I hate to mention it again, but since I mentioned “The Final Experiment” before, I guess I should note that it has been concluded. On 14 December, observers in Antarctica watched the sun stay above the horizon for 24 hours, as predicted. Ho hum.

This was a stupid, attention-grubbing stunt. People have lived and worked in Antarctica for decades, so this phenomenon has been reported many times. It’s routine. The only novelty is that this evangelical pastor, Will Duffy, dredged up some of the dumbest people on the internet and spent a lot of money to get them to stand somewhere near the South Pole and look up. Some concede that what they saw doesn’t fit their expectations, while lots of others stayed home and closed their eyes. This “experiment” will accomplish nothing, other than to advertise an anti-abortion evangelical freak as somehow pro-science. Flat earth is being used as a tool for science-washing Christian nonsense.

Comments

  1. says

    I’ve been following this as it is mildly entertaining and have been pleasantly surprised that Will has pretty much never mentioned religion, god, or anything non-secular, as far as I have seen anyway.

    Not all of them are FE dummies, tho.

  2. submoron says

    Please. Can someone set me right?
    If the Earth were a static disc then anything farther than 24/2pi (=3.8197) light hours away would be moving faster than the speed of light.
    Is this wrong or trivial please?

  3. stuffin says

    One day at my job a guy (Tom) from another department approached me and my co-worker. Tom started by saying if a helicopter lifts off and hovers at one hundred feet above the ground for 30 minutes when it lands why does it come down in the same place? Waiting for a nice explanation he then said “the world is flat, and the helicopter experiment proves it (otherwise the helicopter would come down in a different spot). I was stunned I couldn’t speak, same for my co-worker who is in non-religious. Tom then talked for 10 minutes about the flat earth through a religious eye, and all I could do was listened and utter uh huh. I don’t know why the helicopter does that but I’m certain there is a very logical explanation. This conversation blindsided me, and since the only thing I say to him is hello Tom. Every time I see him engaged in conversation with a customer or co-worker I wonder if he is pontificating his nonsense. I’ve made the decision to say away from him because I’m afraid I’d lose it if we got into a discussion. Would not be worth it.

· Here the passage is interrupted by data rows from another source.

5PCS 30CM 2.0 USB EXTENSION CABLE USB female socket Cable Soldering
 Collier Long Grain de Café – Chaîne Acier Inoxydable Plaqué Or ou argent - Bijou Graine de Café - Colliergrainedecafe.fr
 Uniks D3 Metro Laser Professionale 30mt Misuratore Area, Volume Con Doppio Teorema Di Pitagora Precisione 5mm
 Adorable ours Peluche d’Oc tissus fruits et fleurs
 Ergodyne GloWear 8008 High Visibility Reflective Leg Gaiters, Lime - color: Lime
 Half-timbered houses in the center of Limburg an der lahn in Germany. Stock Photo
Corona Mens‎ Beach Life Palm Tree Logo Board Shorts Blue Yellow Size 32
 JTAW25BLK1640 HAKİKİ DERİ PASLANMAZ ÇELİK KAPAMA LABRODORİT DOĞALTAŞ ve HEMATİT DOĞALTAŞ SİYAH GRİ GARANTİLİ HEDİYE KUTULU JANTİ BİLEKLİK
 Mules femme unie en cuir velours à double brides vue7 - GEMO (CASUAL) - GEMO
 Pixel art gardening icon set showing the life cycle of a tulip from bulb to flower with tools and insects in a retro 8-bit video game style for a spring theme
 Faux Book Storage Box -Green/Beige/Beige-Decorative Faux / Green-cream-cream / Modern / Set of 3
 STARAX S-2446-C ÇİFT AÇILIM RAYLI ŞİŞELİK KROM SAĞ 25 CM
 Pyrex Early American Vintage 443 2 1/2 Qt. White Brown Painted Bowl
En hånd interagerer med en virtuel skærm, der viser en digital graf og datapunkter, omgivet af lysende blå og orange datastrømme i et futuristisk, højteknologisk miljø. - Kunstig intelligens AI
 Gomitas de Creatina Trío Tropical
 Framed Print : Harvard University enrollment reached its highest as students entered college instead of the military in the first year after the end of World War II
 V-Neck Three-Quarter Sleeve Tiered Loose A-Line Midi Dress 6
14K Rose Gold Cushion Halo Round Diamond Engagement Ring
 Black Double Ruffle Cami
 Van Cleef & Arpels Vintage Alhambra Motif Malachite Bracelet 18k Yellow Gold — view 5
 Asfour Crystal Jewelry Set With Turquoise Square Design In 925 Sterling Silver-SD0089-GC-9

  4. drewl, Mental Toss Flycoon says

    @2 Reginald…
    Free trip to Antarctica? Why, yes. Yes I would claim to be a ‘Flat Earther’.
    I have this amazing experiment with a marble that should only work with 24 hour sunlight.
    Where do I sign up to get my grant?

  5. says

    stuffin: it’s pretty simple honestly, the inertial frame of reference for the planet means that yes, if you go up, you should still be moving rotationally at the same speed as you were on the ground. The problem is, 100 feet and 30 minutes is nowhere near enough time for the ground level and the “100 feet up level” speeds to desync far enough for you to notice.

    In 30 minutes, the earth rotates approximately 360/48 degrees, or 5 degrees of arc. The earth has a radius of approximately 6371 km, or 6.371 million meters. 100 feet is about 30.5 meters. So we can now figure out how far you will travel by considering the 5 degrees of arc at ground level and 100 feet up.

    6,371,000 * 2pi / 48 = 833961.95 (rounding to the nearest centimeter)
    6,371,030.5 * 2pi / 48 = 833965.94 (rounding to the nearest centimeter)

    This is a difference of 4 meters, or about 13 feet. Note: the standard size for the SMALLEST helipad in Canada is 5 meters.

    This of course is considering 0 km/h windspeed. The reason why you end up in the same spot is because you’re not spending enough time in the air, and you’re not going high enough. It’s the same argument about “oh I climbed this hill but the horizon is still flat, checkmate”. They don’t understand the sheer scale of the planet and how much spheres (or sphere approximates) look flat when you zoom in far enough.

  6. Reginald Selkirk says

    @4, 6

    A helicopter has active correction of its position. Try the same experiment with a balloon. The odds of it coming down in the same spot are close to nil.

    Of course it’s movement is due mostly to the influence of winds, which vary in time and place, and not directly to the curvature of the Earth.

  7. Dunc says

    I don’t know why the helicopter does that but I’m certain there is a very logical explanation.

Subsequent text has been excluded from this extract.